Der Hofrat flüsterte: »Ach, dass der Geist des Menschen an eine also hinfällige und rasch vergängliche Hülle gebunden ist! Dieser einzig große Geist dort sollte mit einem eisernen, unzerstörbaren Gehäuse gewappnet sein, damit er darin widerstehe und tausend Jahre dauere!«

Der Knabe fragte: »Warum werden die Bäume im Wald und die Raben darauf so hochalt und wir Menschen nicht?«

Doch wartete er die Antwort des Vaters nicht ab, sonder lief, wie er es jeden Tag zu tun pflegte, an das Lager und schmiegte die Wange an die welke, stille Hand.

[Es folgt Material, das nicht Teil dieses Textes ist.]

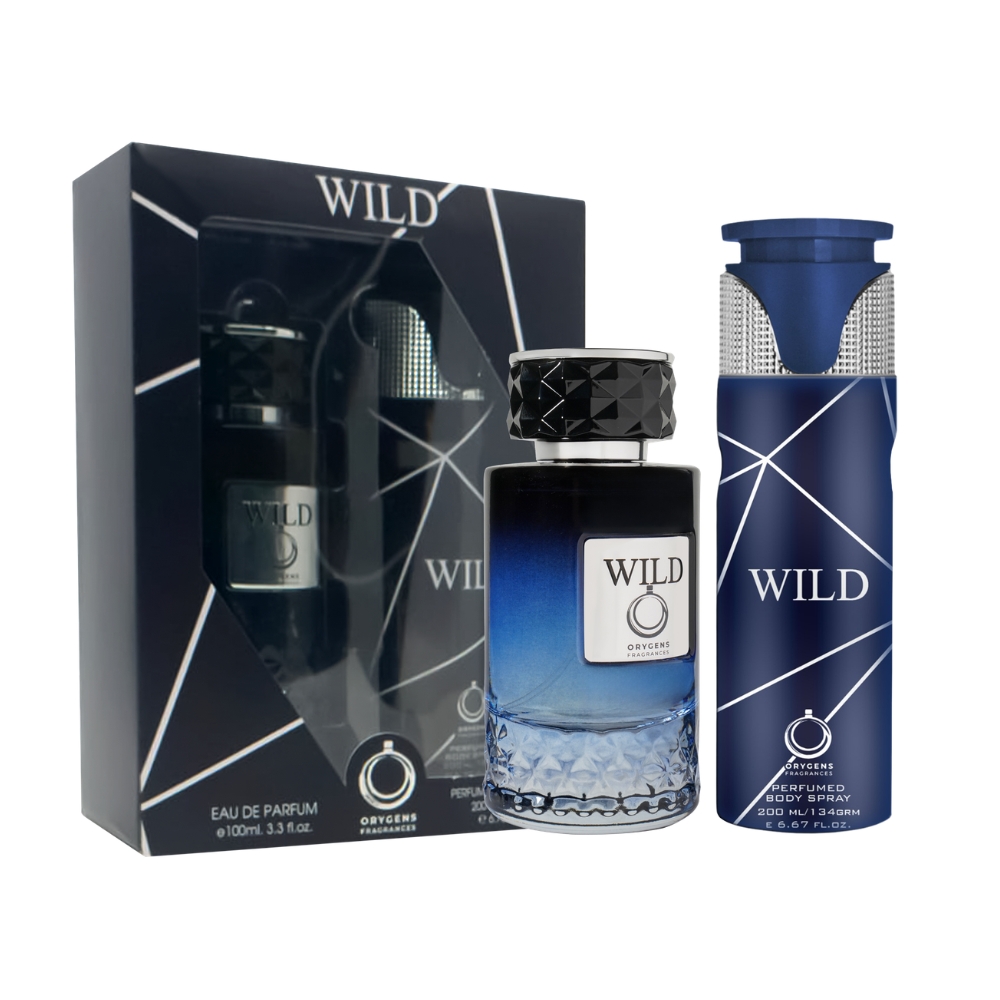 Frasco oficial do perfume COFFRET ORYGENS WILD EDP 100ML+BODY SPRAY 200ML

Beethoven erwachte unter der schmeichelnden Berührung, blickte das Kind an und erkannte es nicht, so sehr verwirrt war sein Inneres. »Wer bist du?« fragte er leise. »Wer schickt dich zu mir?«

Der Knabe erwiderte mit steifer Schülerschrift in das Heft: »Der kleine Gerhard bin ich.«

Ein Schimmer des Erinnerns glitt über das Gesicht des Meisters. »Kind«, begann er stockend und schwach, »Kind, viermal schon haben sie mir den Bauch aufgestochen! Und ist alles umsonst! Ich muss liegen und darf nichts tun.«

»Du wirst wieder arbeiten können«, schrieb Gerhard.

Jäh fletschte der Meister die Zähne, sie waren schön und bleich. »Arbeiten?« fauchte er. »Die Menschen verstehen ja meine Musik nimmer!«

Der Knabe bebte zurück vor dieser koboldisch verzerrten Miene, vor dem aufsprühenden Grimm des Alten.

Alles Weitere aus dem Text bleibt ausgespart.